Forget the fact that the seat she sought was held by incumbent Mackie Mulherin, of the large and well-known Augusta Mulherin family.
And forget the fact that she was running as a Republican, a party of such anemic influence in Georgia that it hadn't held any power in more than a century.
and forget that the nation's top Republican -- President Richard Nixon -- had just resigned in august 1974, in the midst of the Watergate scandal.
and with all that when Bootsie Calhoun was introduced at a political rally here at the Julian Smith Barbecue Pit
that August 1974, she was mistakenly identified as the wife of another political candidate. But she ended up surprising everybody
It really shouldn't have been a surprise. Anne Carter "Bootsie" Calhoun had a long list of active achievements
she graduated from the University of Georgia where she earned a psychology degree in 1944.

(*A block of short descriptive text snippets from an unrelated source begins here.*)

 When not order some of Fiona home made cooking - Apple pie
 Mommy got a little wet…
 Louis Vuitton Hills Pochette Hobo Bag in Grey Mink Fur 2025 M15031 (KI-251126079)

She was a longtime member of the Episcopal Church of the Good Shepherd, where she was president of the Women of Church.
She was also a member of the American Cancer Society, the Augusta Junior League, and past president of the Girl Scout Council of Eastern Georgia.
Bootsie, she got her nickname by the way from her older brother when he was three because he couldn't say Anne,
was no political novice. She was married to William C. "Billy" Calhoun
who over a 30 year period severed on the Augusta City Council probably longer than any man in its history
Bootsie had her own list of achievements. Called a "stalwart" Republican, she served on the platform committees at the party's national conventions in 1960 and 1964.
She also served as president of the Georgia Federation of Republican Women, secretary of the state party, and was a member of its executive committee.
Bootsie spent eight years on the Richmond County Board of Education before deciding in 1974 to run for the Georgia House of Representatives.
Her strategy, she explained, was to "outwork" her opponent.
When the ballots were finally counted early on the morning of Nov. 6, 1974, she had won the 88th District House seat by 49 votes.
And that's how Bootsie became the first woman from Augusta to go to the Georgia Legislature.
I'd say her timing was just about right.